Monday, 13 January 2014

The Fetishism of the Commodity by Karl Marx

Notes on article on The fetishism of the commodity  by Karl Marx. Accessed from http://www.marxists.org/archive/marx/works/1867-c1/ch01.htm#S1.

A commodity is some thing outside us; satisfies human wants of some sort or another.

Use value is the utility of a thing, "independent of the amount of labour required to appropriate its useful quantities." Exchange value is the quantity of other commodities the commodity will trade for: this tacilty assumes a barter economy, although in contemporary thought we can take it that exchange value = price.

Use value is trivial to Marx - there is nothing mysterious about wood being converted to a table, this is a process that evidently satisfies a need. That does not define anything mysterious about commodities. What does define the mystique of commodities is that the social character of men's labour is presented as an objective character in the form of exchange value. This exists not intrinsically but in the form of their output. To quote verbatim:

"...[with commodities]....the existence of the things quâ commodities, and the value relation between the products of labour which stamps them as commodities, have absolutely no connection with their physical properties and with the material relations arising therefrom.

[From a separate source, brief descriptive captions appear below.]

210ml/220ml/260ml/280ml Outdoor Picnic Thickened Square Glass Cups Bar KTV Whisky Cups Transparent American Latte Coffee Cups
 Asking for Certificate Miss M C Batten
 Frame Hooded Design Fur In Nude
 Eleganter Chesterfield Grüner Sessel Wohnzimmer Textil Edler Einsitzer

There it is a definite social relation between men, that assumes, in their eyes, the fantastic form of a relation between things. In order, therefore, to find an analogy, we must have recourse to the mist-enveloped regions of the religious world. In that world the productions of the human brain appear as independent beings endowed with life, and entering into relation both with one another and the human race. So it is in the world of commodities with the products of men’s hands. This I call the Fetishism which attaches itself to the products of labour, so soon as they are produced as commodities, and which is therefore inseparable from the production of commodities"

For the purposes of the project, this is as far as we need to make detailed note on. The remainder of the article goes into more detail about how value comes about. An interesting point for this project ias this quotation:
"whenever, by an exchange, we equate as values our different products, by that very act, we also equate, as human labour, the different kinds of labour expended upon them. We are not aware of this, nevertheless we do it."